"Western, Educated, Industrialized, Rich and Democratic (WEIRD) societies"
The main point of the paper is very important. People in these kinds of societies are different, and it is not right to generalize their traits to all humans:
Here, our review of the comparative database from across the behavioral sciences suggests both that there is substantial variability in experimental results across populations and that WEIRD subjects are particularly unusual compared with the rest of the species—frequent outliers. The domains reviewed include visual perception, fairness, cooperation, spatial reasoning, categorization and inferential induction, moral reasoning, reasoning styles, self-concepts and related motivations, and the heritability of IQ. The findings suggest that members of WEIRD societies, including young children, are among the least representative populations one could find for generalizing about humans.

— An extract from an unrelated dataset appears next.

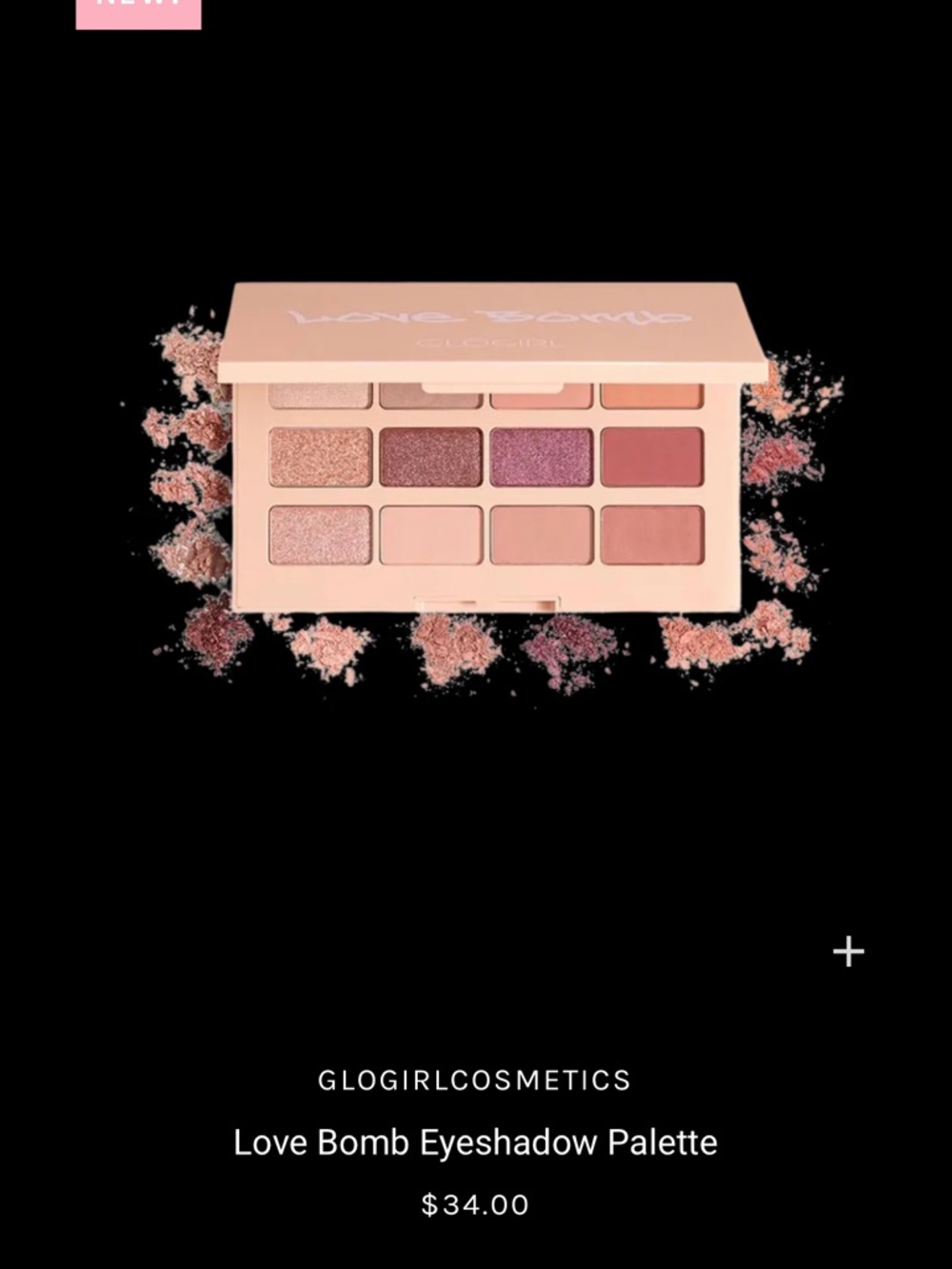 GloGirl Love Bomb 12 Shade Eyeshadow Palette NIB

One notable thing from the paper is that, when playing the Ultimatum Game, people in WEIRD societies are far more 'fair' than people in primitive societies. Americans were much more likely to split money evenly than people in other societies. This is not the only study to show that, contrary to what many people claim, being in a free-market society tends to foster a sense of fairness. The authors speculate:
It may be that what behavioral economists have been measuring among undergraduates in such games is a specific set of social norms, culturally evolved for dealing with money and strangers, that have emerged since the origins of agriculture and the rise of complex societies.